* WHAT IS NEEDED *
None of the pictures should be copied, though every line of the listing must be printed exactly.

* THE DATA *
────

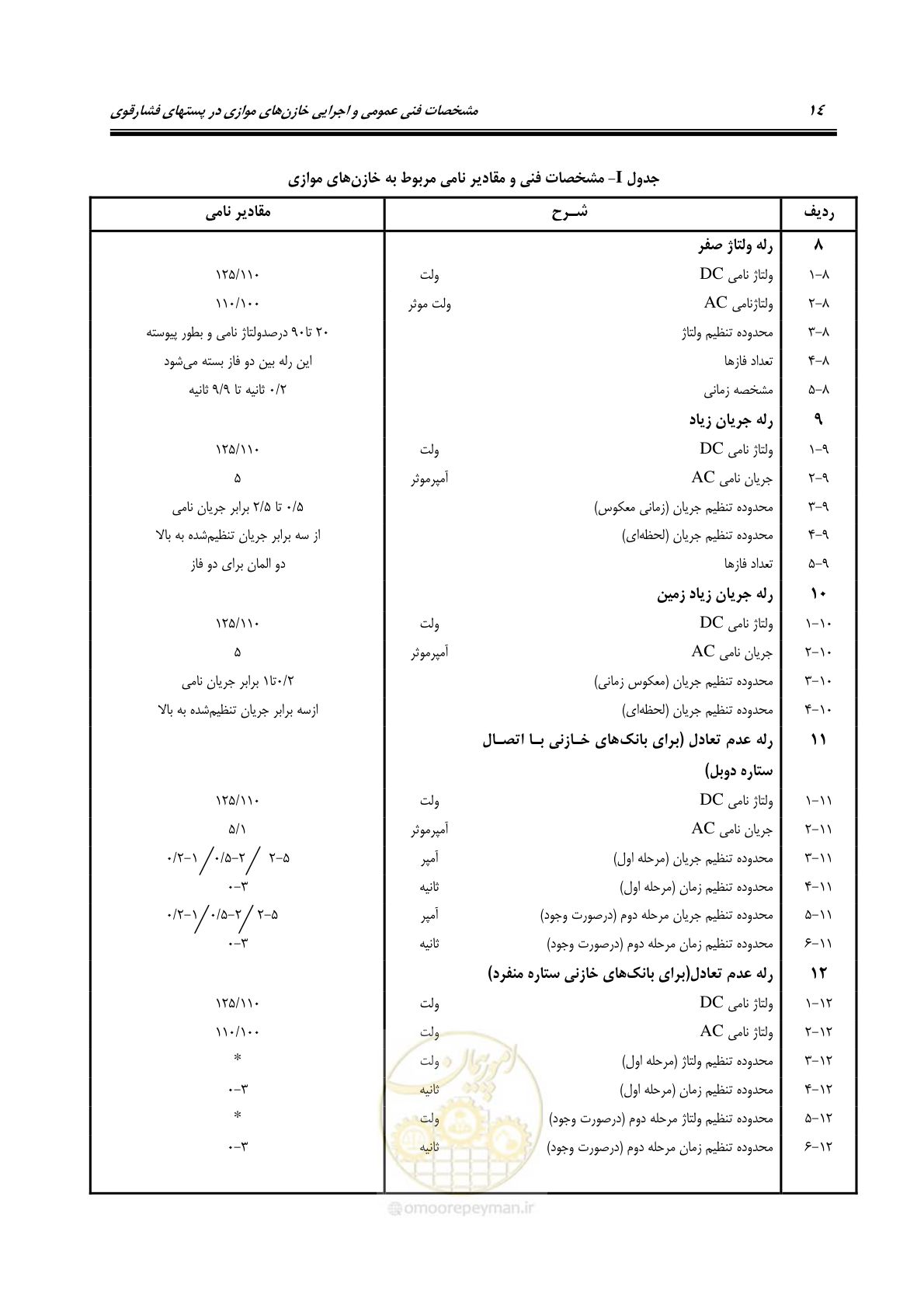 صفحه 27 از 37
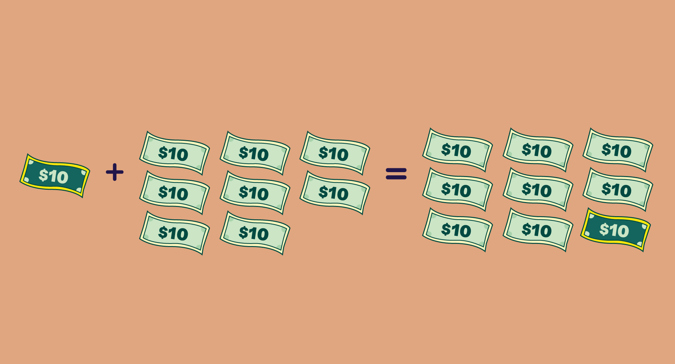 one dollar bill plus 8 dollar bills = 9 dollar bills. The same rate as the program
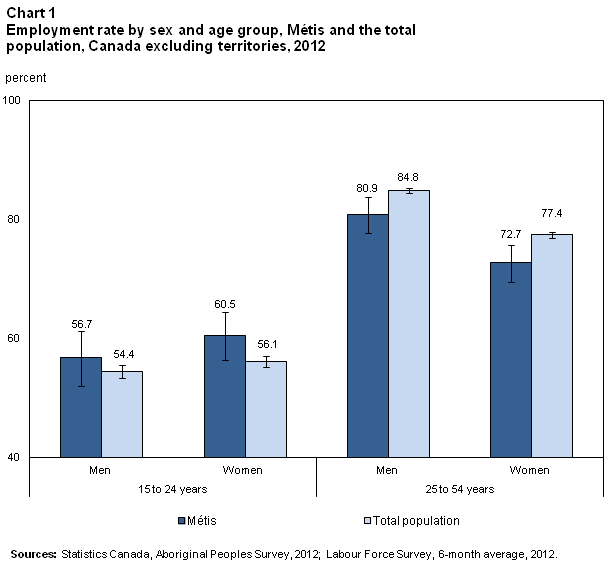 Chart 1 Employment rate by sex and age group, Métis and the total population, Canada excluding territories, 2012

────

* TASK RESPONSE *
 صفحه 27 از 37
 one dollar bill plus 8 dollar bills = 9 dollar bills. The same rate as the program
 Chart 1 Employment rate by sex and age group, Métis and the total population, Canada excluding territories, 2012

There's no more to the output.